Published
So, I have been at my job for seven months now and I applied for a transfer to my dream unit. My application was rejected, so I emailed the supervisor to touch base to see what more I can do to become a competitive candidate. I had talked with her before and have even went as far as to do what she suggested: join the specialty's organization, volunteer on a routine...she said she would sent off my resume.
Now? She is saying that the manager is recommending TWO years of med/surg experience to even be considered even though I have done EVERYTHING that the supervisor has asked and that unit has hired so many new grads. She says that med/surg is great and blah, blah, blah. But let's face it: how can working with sick adults help with premies? It doesn't. This is the same person who told me she only spent one year in med/surg prior to switching to my dream specialty.
I am livid. I feel like I am being strung along, and that I have absolutely no future whatsoever at my job. I have since started filling applications at other places.
I am half-way done with the residency program with more than seven months of experience, and I am damn sure not going to stay another 17 months in hopes getting something that I probably won't get.
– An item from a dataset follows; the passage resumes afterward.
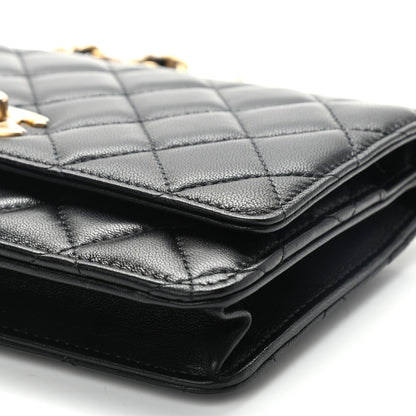 Chanel Lambskin Quilted CC Pearl Crush Wallet on Chain WOC Black 9 of 10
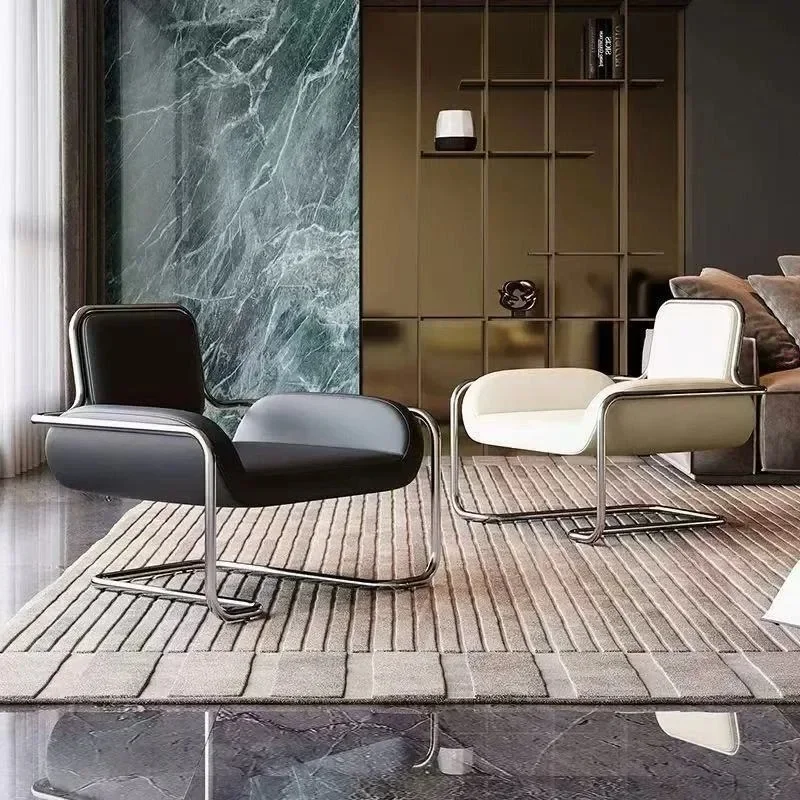 Bauhaus Style Leather Accent Chair Stainless Steel Frame Modern Lounge Chair for Living Room Office Reception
I have been at this hospital for damn near five years, and I am furious. I get waiting to a year-mark, but two? Hell no.
At this point, what should I do? Should I leave the hospital and try to get on somewhere else? Contact her after the residency program is over (I will have almost 14 months of experience) and say that I am ready to transfer? I would hate to leave this institution as I am almost vested and it has great benefits, but I don't want to reward this stringing along behavior.